Start of Supplied records

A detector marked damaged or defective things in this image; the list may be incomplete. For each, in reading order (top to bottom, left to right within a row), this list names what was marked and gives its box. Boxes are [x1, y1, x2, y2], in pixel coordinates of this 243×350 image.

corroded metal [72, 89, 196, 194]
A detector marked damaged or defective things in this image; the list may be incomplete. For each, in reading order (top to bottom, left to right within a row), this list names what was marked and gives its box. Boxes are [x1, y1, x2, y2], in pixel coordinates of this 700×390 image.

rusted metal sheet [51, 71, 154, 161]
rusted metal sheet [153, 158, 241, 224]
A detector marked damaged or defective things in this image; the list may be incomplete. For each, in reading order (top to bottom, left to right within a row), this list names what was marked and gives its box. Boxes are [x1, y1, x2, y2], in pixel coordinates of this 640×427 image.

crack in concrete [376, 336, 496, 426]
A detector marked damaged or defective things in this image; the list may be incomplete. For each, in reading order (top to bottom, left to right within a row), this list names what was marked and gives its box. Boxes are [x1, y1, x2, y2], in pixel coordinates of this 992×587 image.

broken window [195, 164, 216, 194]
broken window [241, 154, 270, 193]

End of Supplied records

Task requirements: Would you reproduce, word for word, the lines from the one holding "this 992×587 image." through the final line of the entries, both included?

Reply to the task:
A detector marked damaged or defective things in this image; the list may be incomplete. For each, in reading order (top to bottom, left to right within a row), this list names what was marked and gives its box. Boxes are [x1, y1, x2, y2], in pixel coordinates of this 992×587 image.

broken window [195, 164, 216, 194]
broken window [241, 154, 270, 193]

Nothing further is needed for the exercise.